[ASSIGNMENT]
Taking the line with "A collection of" as the first, copy every line through the end of the records below exactly. Do not include pictures.

RECORDS FOR THIS EXERCISE below:

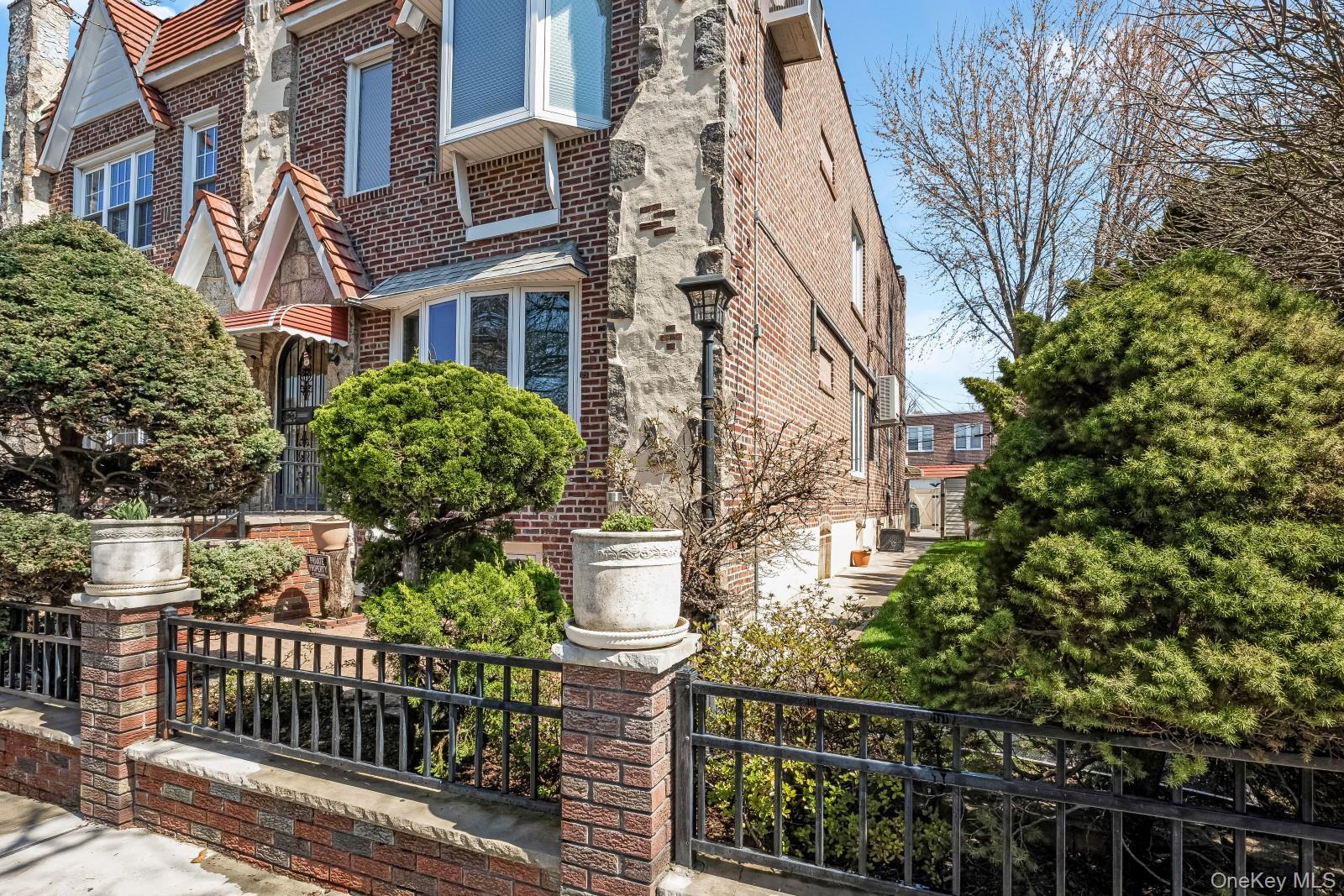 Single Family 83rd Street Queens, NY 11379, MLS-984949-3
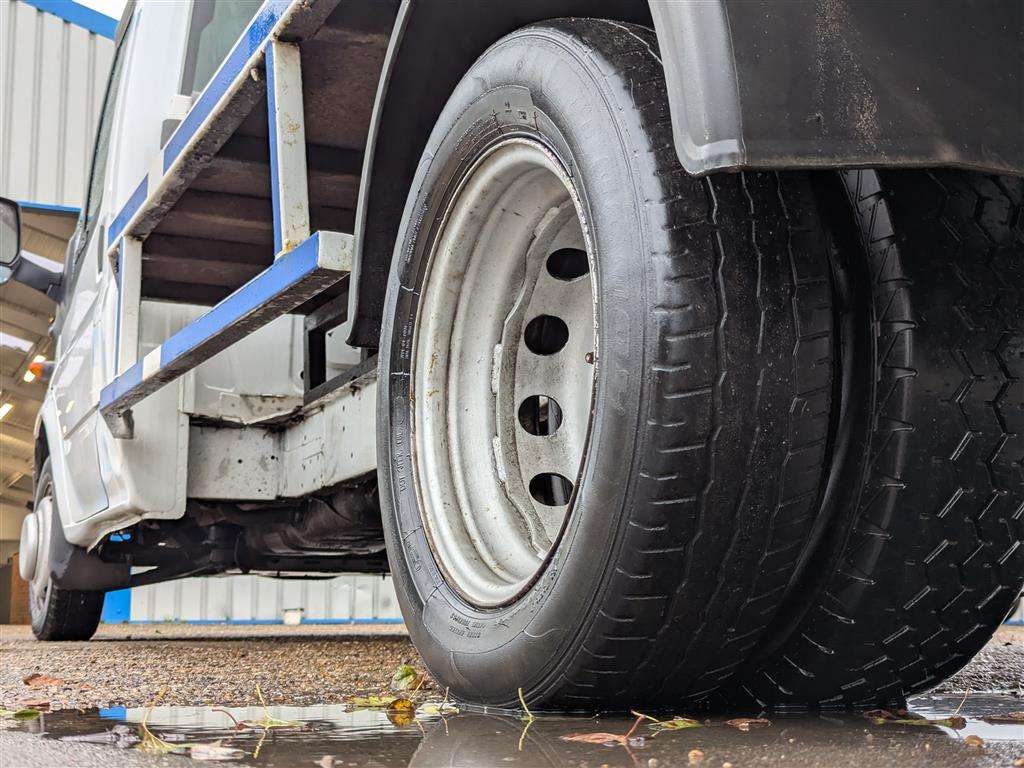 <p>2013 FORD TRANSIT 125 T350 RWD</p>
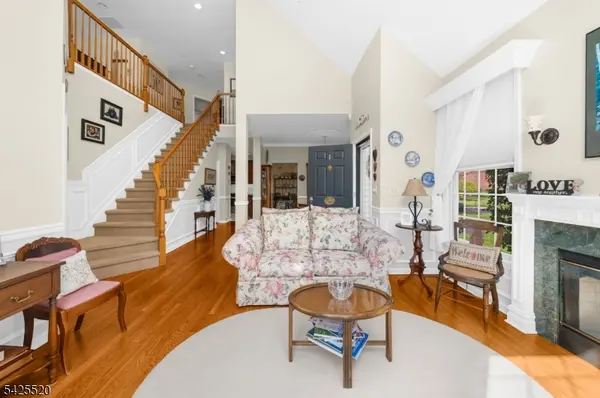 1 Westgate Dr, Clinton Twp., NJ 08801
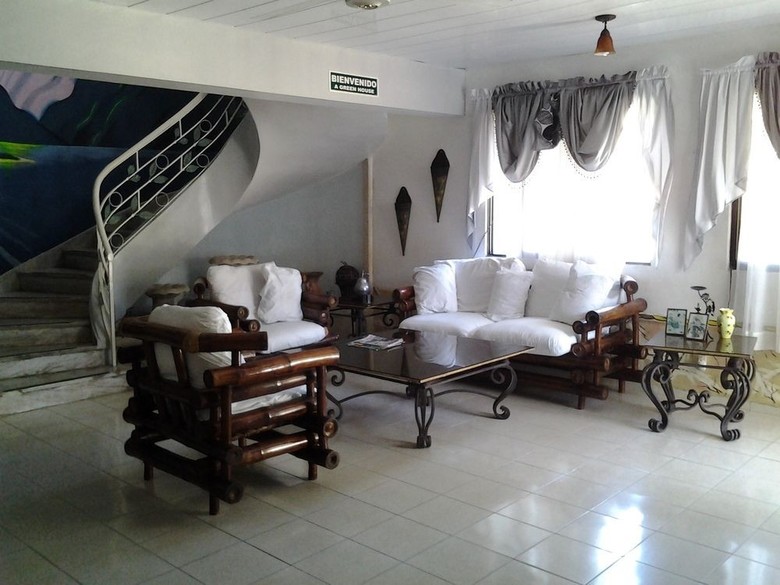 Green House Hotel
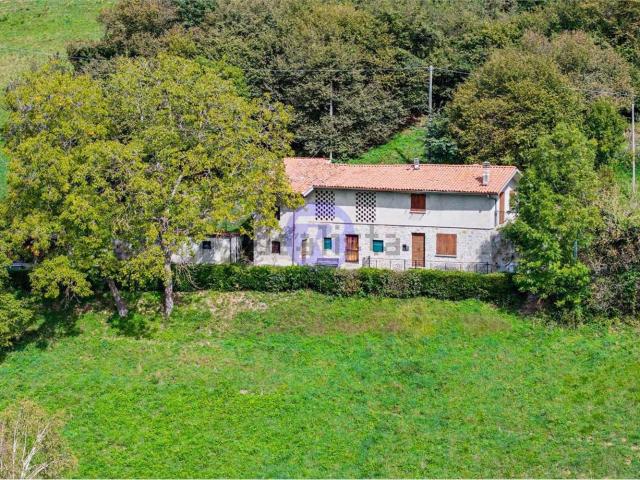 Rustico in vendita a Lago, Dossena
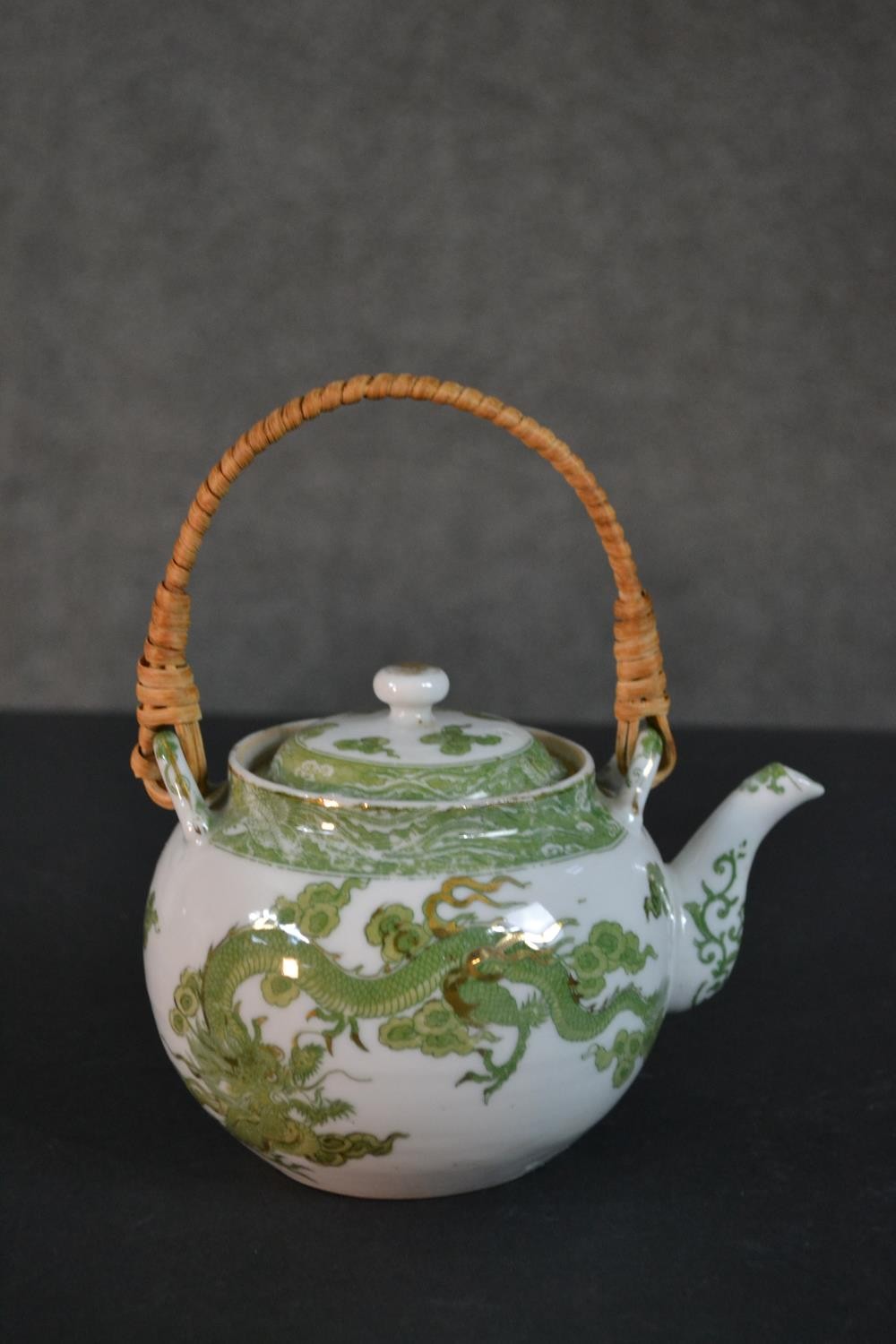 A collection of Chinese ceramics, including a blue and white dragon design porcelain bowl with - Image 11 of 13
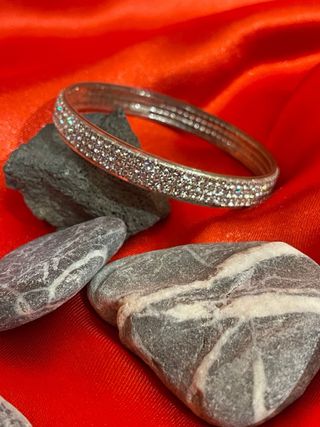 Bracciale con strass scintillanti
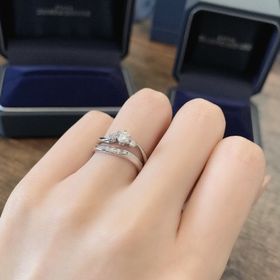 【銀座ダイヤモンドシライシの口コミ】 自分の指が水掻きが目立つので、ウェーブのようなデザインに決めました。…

End of RECORDS FOR THIS EXERCISE.

[RESULT BELOW]
 A collection of Chinese ceramics, including a blue and white dragon design porcelain bowl with - Image 11 of 13
 Bracciale con strass scintillanti
 【銀座ダイヤモンドシライシの口コミ】 自分の指が水掻きが目立つので、ウェーブのようなデザインに決めました。…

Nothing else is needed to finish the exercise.